#### Provided data

= = = = =

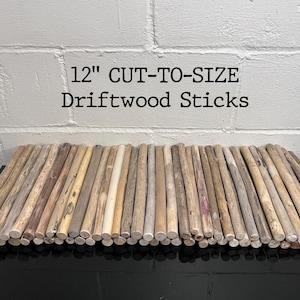 12" Cut Driftwood Dowels: Macrame, Tapestry, and Holiday Ornament Craft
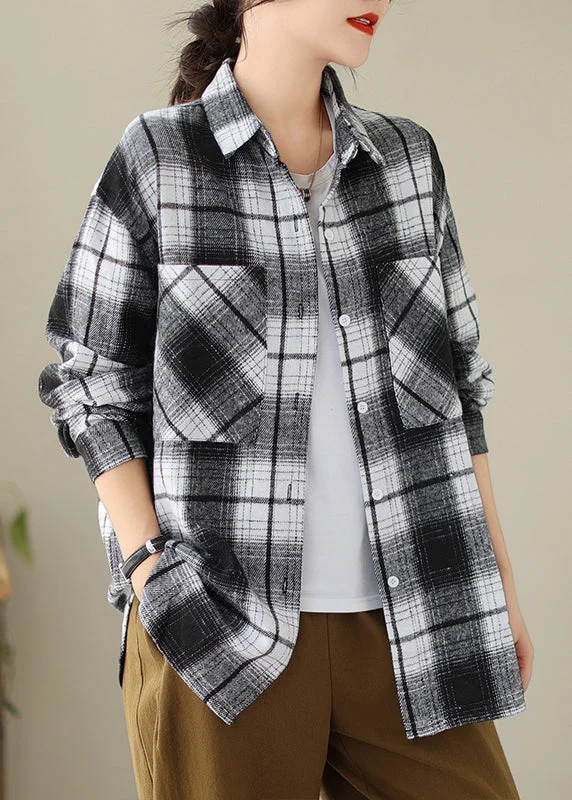 Black Pockets Plaid Casual Cotton Shirts Coat Peter Pan Collar Fall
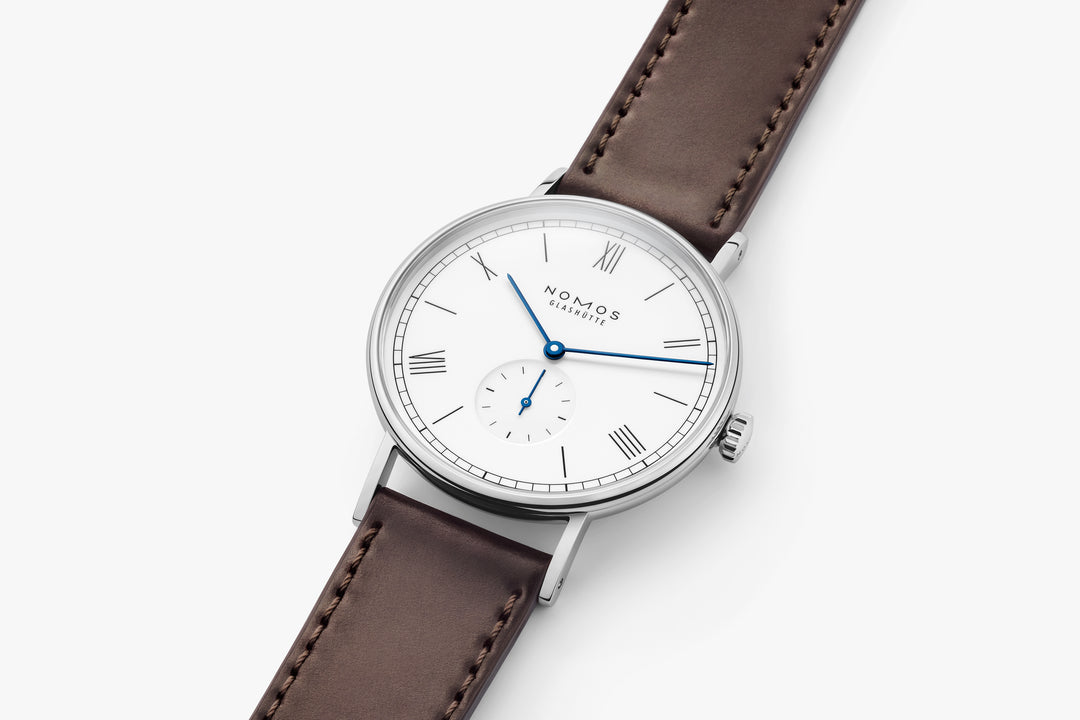 NOMOS Ludwig 37.5mm White laquered, high polished Dial Brown Horween Genuine Shell Cordovan Strap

= = = = =

#### Requirement
Your reply should consist solely of the lines from the one containing "Black Pockets Plaid" through the last line of the material, reproduced exactly and without pictures.

#### Solution
 Black Pockets Plaid Casual Cotton Shirts Coat Peter Pan Collar Fall
 NOMOS Ludwig 37.5mm White laquered, high polished Dial Brown Horween Genuine Shell Cordovan Strap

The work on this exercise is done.